And hey, if there was ever a more accepting group of people than the band, I haven't heard about it.
Kelly says:
Wed, 30th Sep 20098:39 pm
I was the cheer captain and my fat ass sat in the bleachers until I fucking broke them. I also wore long skirts.
Erin says:
Thu, 1st Oct 20096:17 am
I was a huge band geek, I'm not ugly and deformed and I had lots of friends, of which I was popular and well liked. I was liked by my teachers for beign smart and my band teaching for being good and helping others. In college I was fine too. As an adult, well 23, I don't have heart problems, I'm not suicidal, although I drink every night, a glass of wine or close to a bottle. But The friends and "power" I had in school, of which I had a little power because the new teacher thought of us more as friends than students sometimes, i have now at my job. I do an important job, people look to me and can always come to ask me questions when they are not sure about something they think I need to do or they can do for me. I like who I am and as far as many of my friends go i don't know about them, I don't some of them any way so let the drama of band geek life play out.

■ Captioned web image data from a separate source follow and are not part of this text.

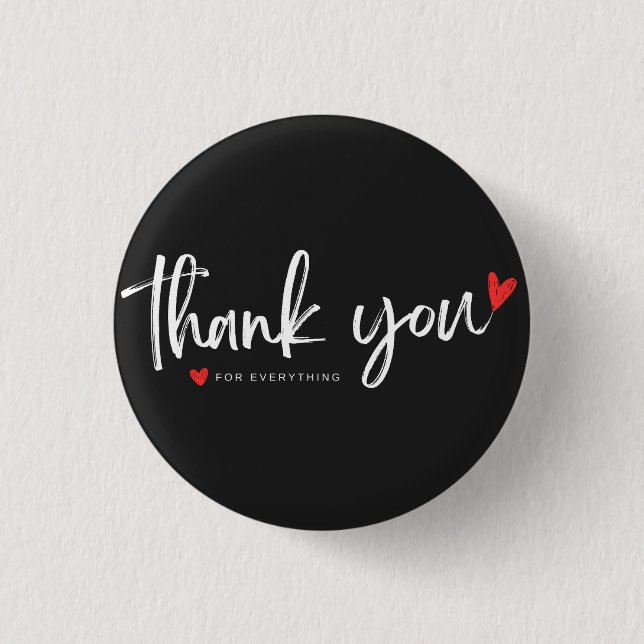 Thank You Minimalist Button Badge (Devant)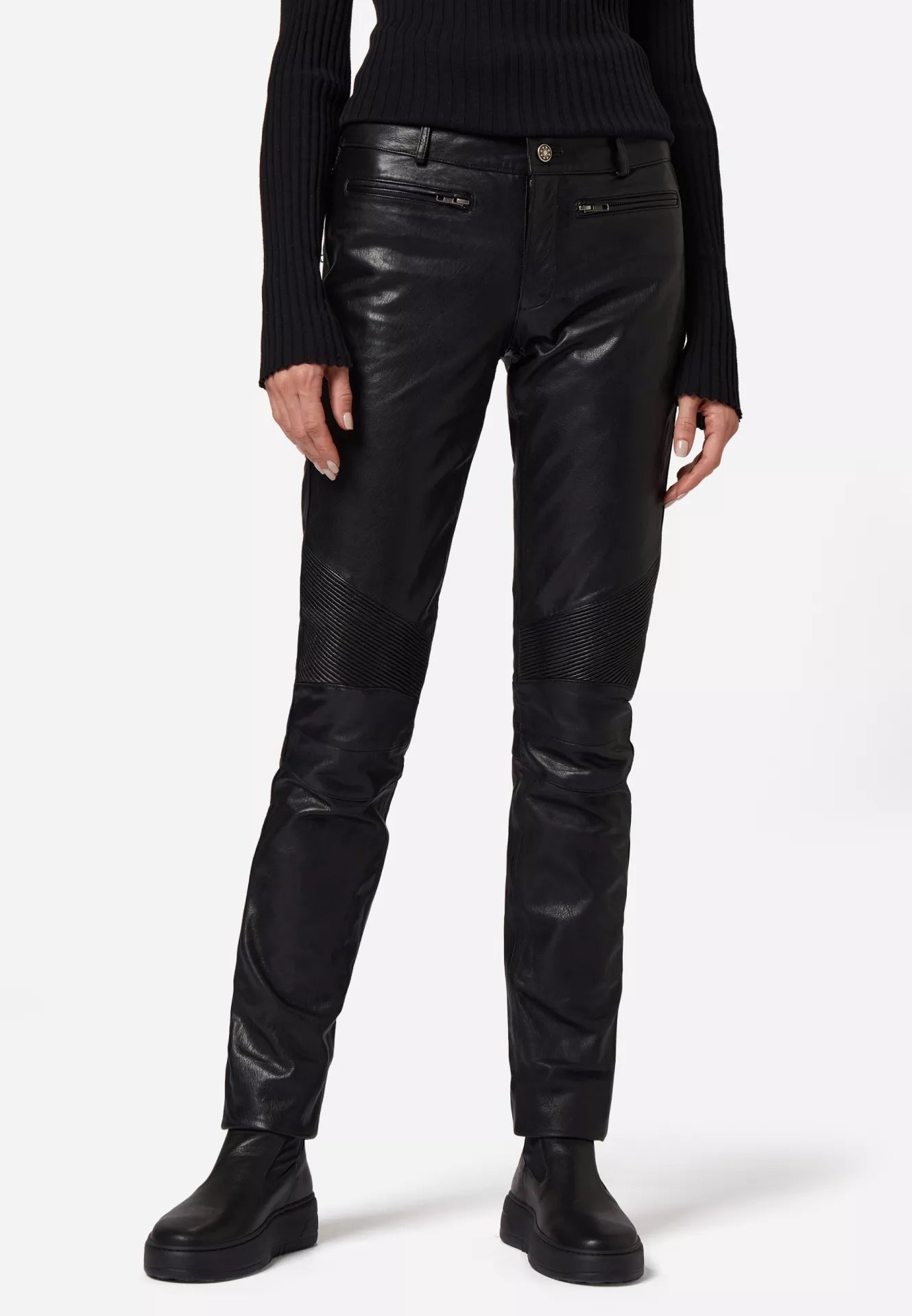 Donna Low Waist Lederjeans mit Biker-Elementen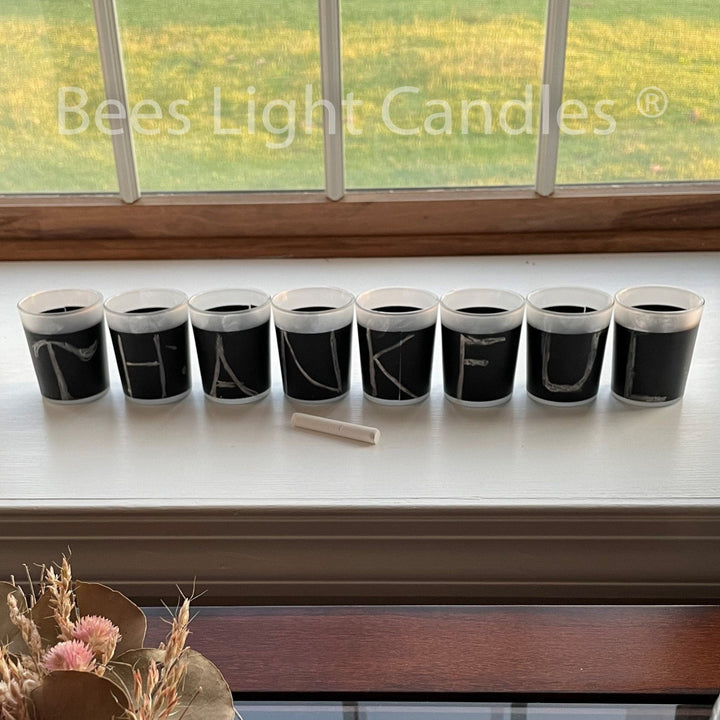 Chalkboard Candle Holder Comes with Tealight | Write a Message | Party Events | Festive | Wedding | Holiday | Baby Shower | Chalk Board NEW - Bees Light Candles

I think they are focusing on children who are too young for the study. I mean what "power" does a 12 year old have? None.Popularity is fleeting, you could be in one week for mouthing off to a teacher and then the biggest loser a day later for something else. Not important.
Nigel says:
Thu, 1st Oct 20098:16 pm
At my school kids already do drugs and some maybe even suicidal. Every kid I know in band isn’t one of those kids. I was actually somewhat depressed until I joined band. Band helped me become more social. Also, how do you make a so called “study” from popularity at a school. Just because you are in band doesn’t mean your going to do drugs, become an alcoholic, and kill your self. I actually made an oath to myself to become straightedge (google it). Band has actually helped me, and from the looks of it, I’d say that the band geeks maybe just as popular (if not more) as the football jocks.